Anéanti, Jean-Louis Thémis décide de continuer seul. Il prend une année sabbatique, ravale ses larmes, emballe ses couteaux et ses casseroles, et s’envole pour la Grande Ile. Là, avec l’enthousiasme d’un missionnaire, il sillonne les bidonvilles de Majunga. Mendiants, illettrés, mères monoparentales, il approche tous ceux qui ont la misère collée à la peau et propose de leur apprendre le métier. Il leur offre même un petit salaire. Il réussit ainsi à former sa première brigade de 18 cuisiniers, qu’il relâche quelques mois plus tard, une fois leur formation terminée. Presque tous décrochent un emploi dans la restauration.

Avant de croiser la route du chef montréalais, Marie-Angèle et Alice n’avaient aucun diplôme, aucune formation, et pas grand avenir. Mais, tous les matins, pendant trois mois, elles ont porté la toque et le tablier dans le local de Cuisiniers sans frontières. Elles y ont appris les rudiments d’un métier dont elles ignoraient tout. Et, le quatrième mois, elles se sont frottées au «vrai» monde de la restauration lors d’un stage d’une trentaine de jours. Entre 2006 et 2010, Jean-Louis Thémis a pris sous son aile 93 marmitons comme elles.

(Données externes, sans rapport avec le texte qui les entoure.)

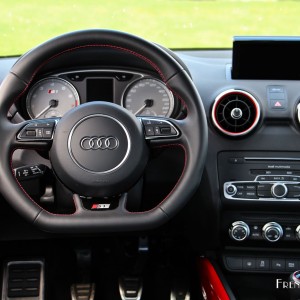 Photo volant cuir Audi S1 Sportback – 2.0 TFSI 231 ch (2015)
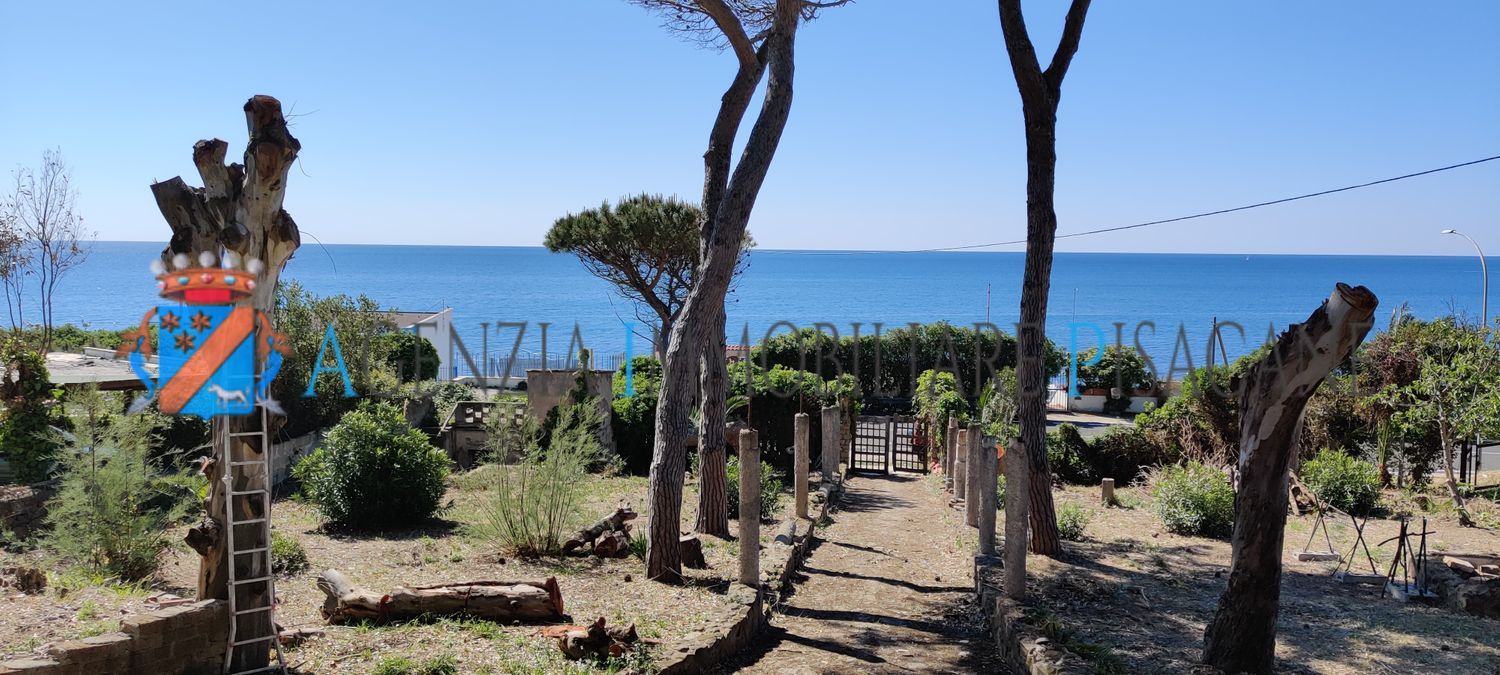  - Agenzia Immobiliare & Architettura Pisacane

«Je suis touchée de voir les miens se sortir de la pauvreté, se réjouit Michèle Razanakoto, la coordonnatrice de CSF à Majunga. Et c’est à la générosité de Jean-Louis Thémis qu’ils le doivent. Tout ce qu’il fait, il le fait avec son cœur.»

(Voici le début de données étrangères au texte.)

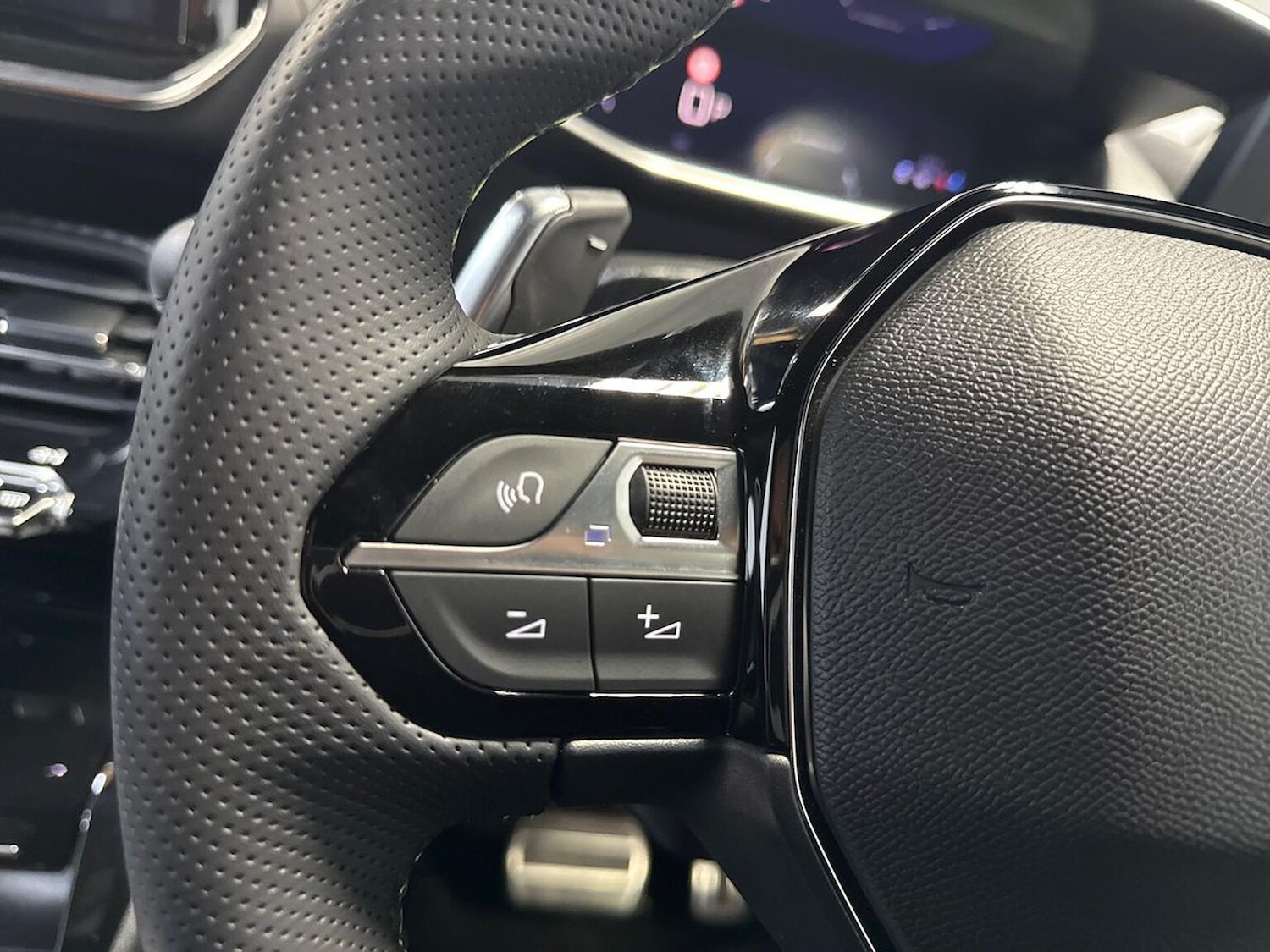 Used Peugeot 2008 2025 for sale - 76506125: Photo 24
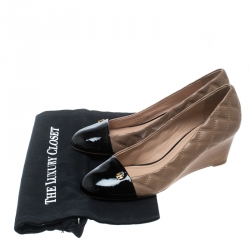 مملوكة مسبقًا Tory Burch Beige/Black Leather Claremont Cap Toe Wedge Sandals Size 38.5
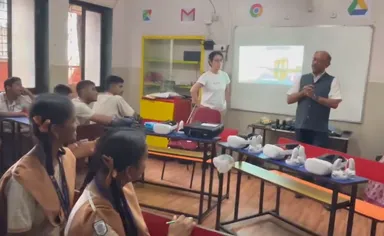 話を熱心に聞く学生たち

Cuisiniers sans frontières a aussi ouvert une nouvelle école à Antananarivo, la capitale de Madagascar, et étendu son action au Bénin, où 14 villageois de Glazoué ont suivi les trois mois de formation en juin dernier. A Montréal, en collaboration avec le Café L’Itinéraire, Jean-Louis Thémis offre aussi à de jeunes démunis une chance de reprendre leur vie en main. «On essaie de mettre des étincelles dans les yeux des gens, de faire de la cuisine un instrument de raccrochage, explique-t-il. Et ça fonctionne.»

Malgré la crise politique qui agite Madagascar depuis 2009, Jean-Louis Thémis continue de faire le va-et-vient entre l’île et Montréal, convaincu de la viabilité de son projet, même si des problèmes de financement l’obligent encore à piocher dans ses économies. Pour se donner du courage, il pense souvent à ces gens qu’il a sortis de la rue. Comme Alice.

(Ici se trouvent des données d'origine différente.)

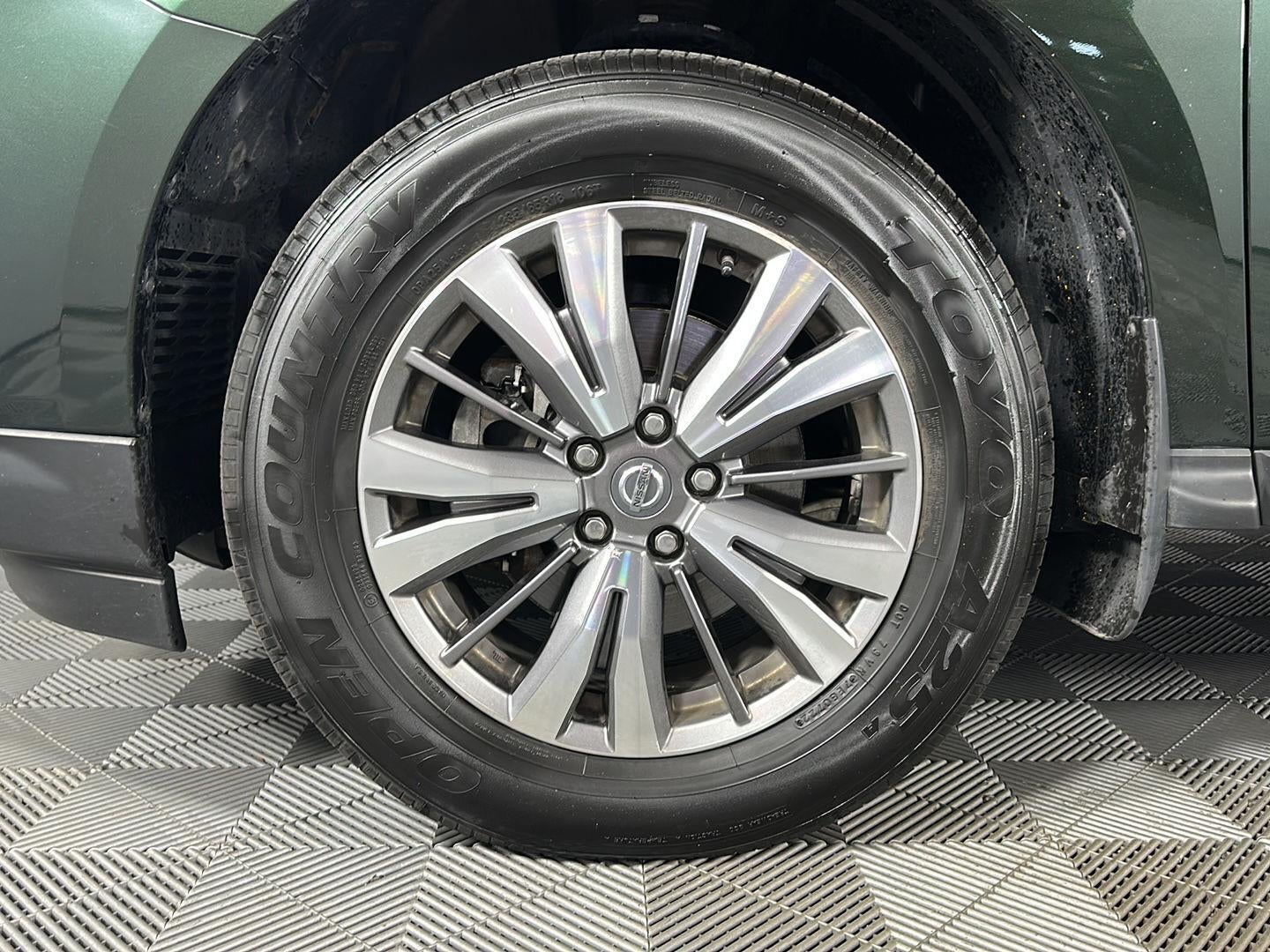 2019 Nissan Pathfinder SV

La jeune femme dans la vingtaine ne fera peut-être pas carrière dans de grands restaurants, mais avec ce qu’elle a appris, elle réussit à récolter 2$ ou 3$ par jour dans un pays où, rappelle Jean-Louis Thémis, la moyenne des habitants gagne tout juste 1$. «On ne changera pas le monde, conclut le chef montréalais, mais on peut changer des vies.»

Entre autres aspirants cuistots, Jean-Louis Thémis a formé dans les locaux de Cuisiniers sans frontières la petite-fille de «Dada Raymond», son maître, aujourd’hui disparu. Il a appris à la jeune fille son métier, puis lui a donné une bouteille de rhum qu’elle est allée verser sur la tombe de son grand-père, comme le veut la coutume malgache. Valim-babena, pour solde de tous comptes!